▸ What the task asks
Output all of the data exactly as it appears, but leave out any pictures it contains.

▸ Provided data
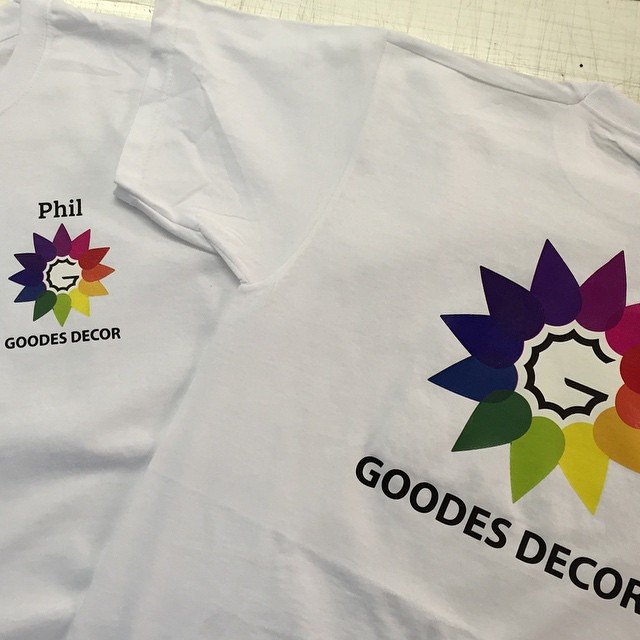 November 28, 2014 (7:19 pm)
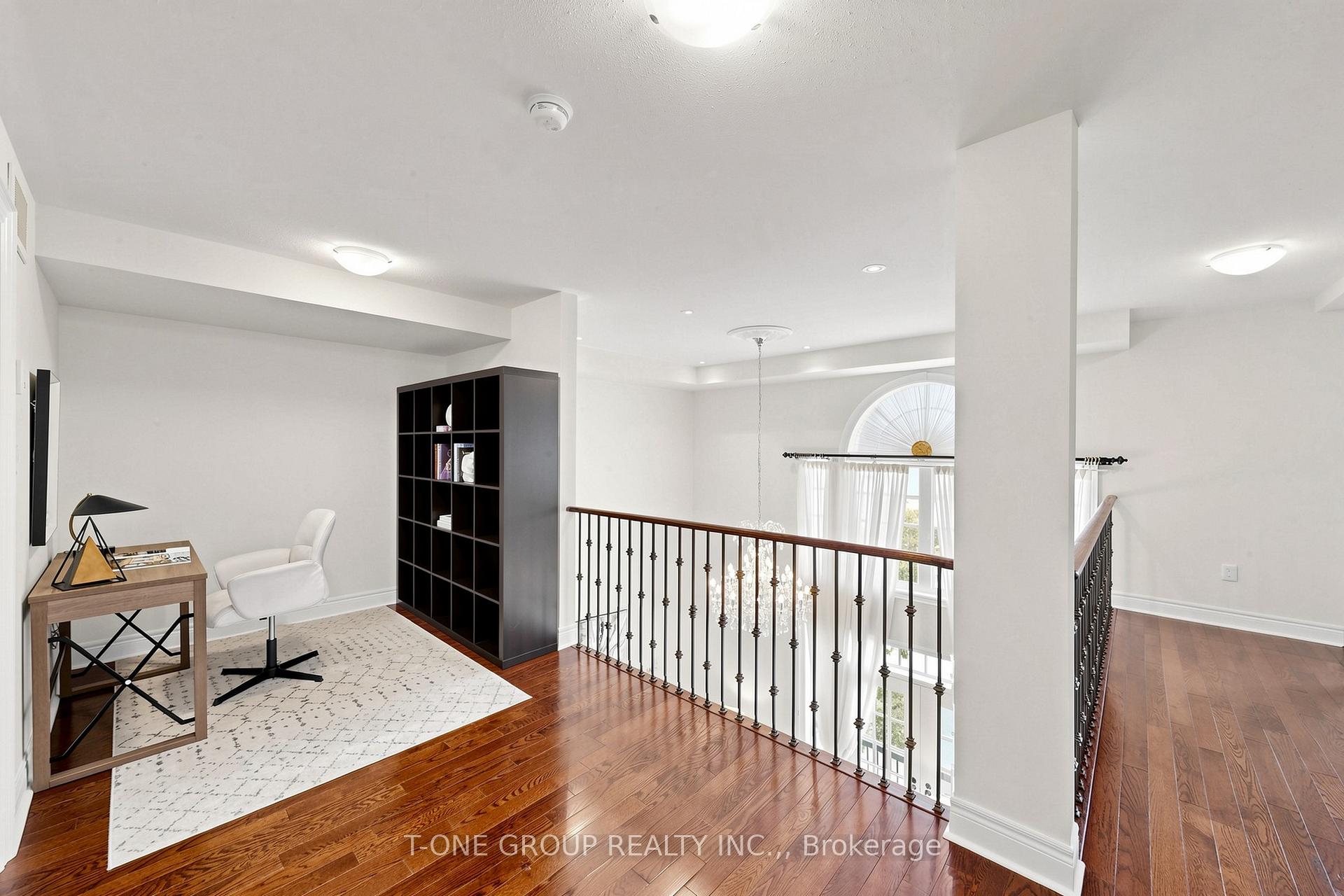 Photo 21 of 51 Lord Durham Road, Markham, Unionville — HOMEH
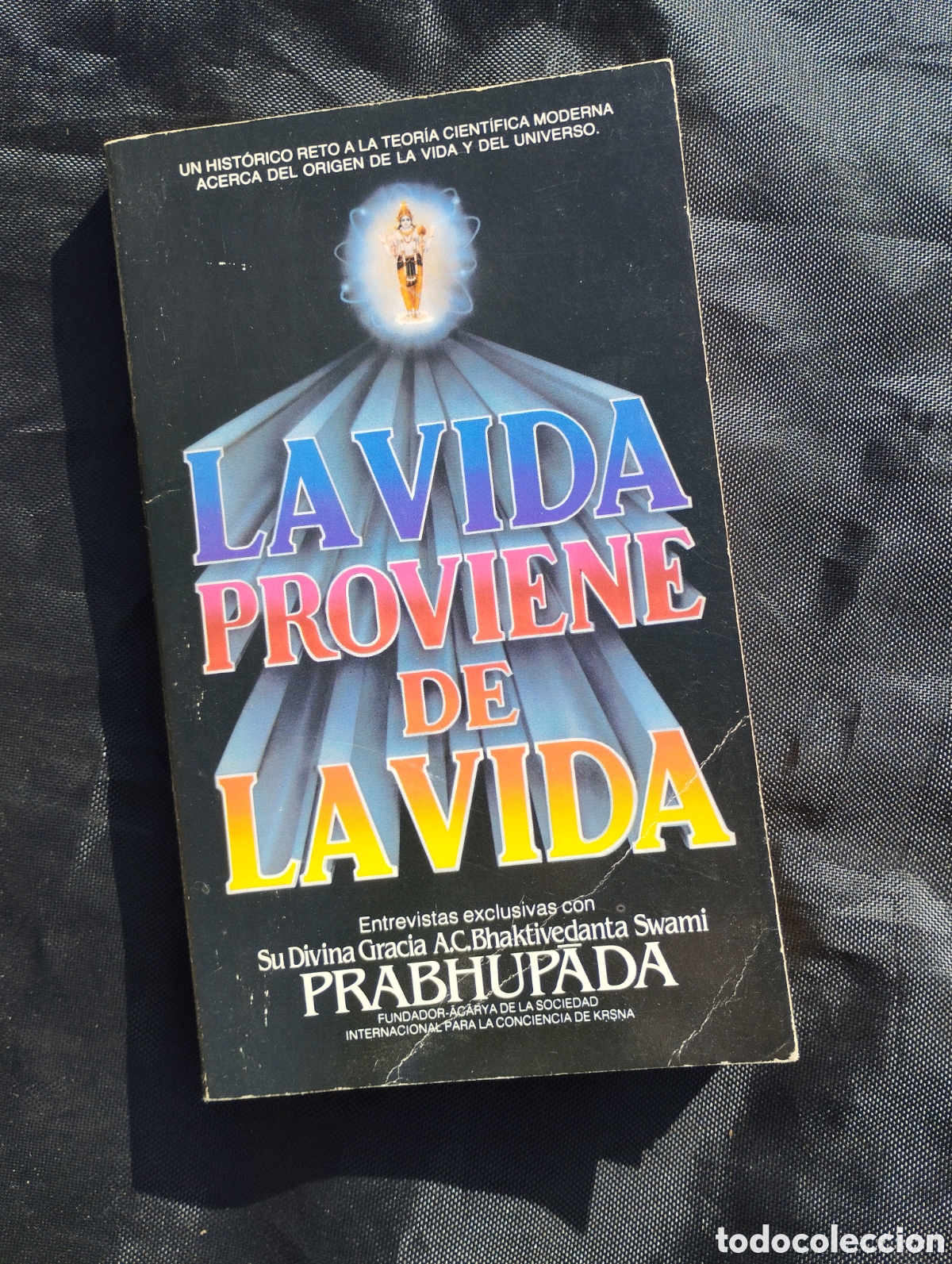 Libros de segunda mano: Sobre la muerte. 4 libros - Foto 4
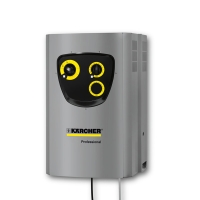 KÄRCHER Professional Ersatzteile Hochdruckreiniger Kaltwasser HD stationaer 1.524-950.2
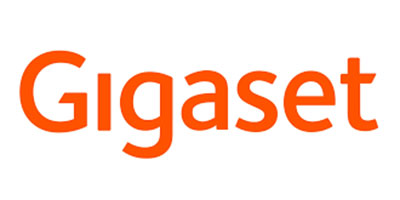 gigaset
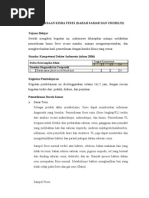 Download Darah Samarfrida by Muhammad Firdaus SN126996728 doc pdf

▸ Response to this task
 November 28, 2014 (7:19 pm)
 Photo 21 of 51 Lord Durham Road, Markham, Unionville — HOMEH
 Libros de segunda mano: Sobre la muerte. 4 libros - Foto 4
 KÄRCHER Professional Ersatzteile Hochdruckreiniger Kaltwasser HD stationaer 1.524-950.2
 gigaset
 Download Darah Samarfrida by Muhammad Firdaus SN126996728 doc pdf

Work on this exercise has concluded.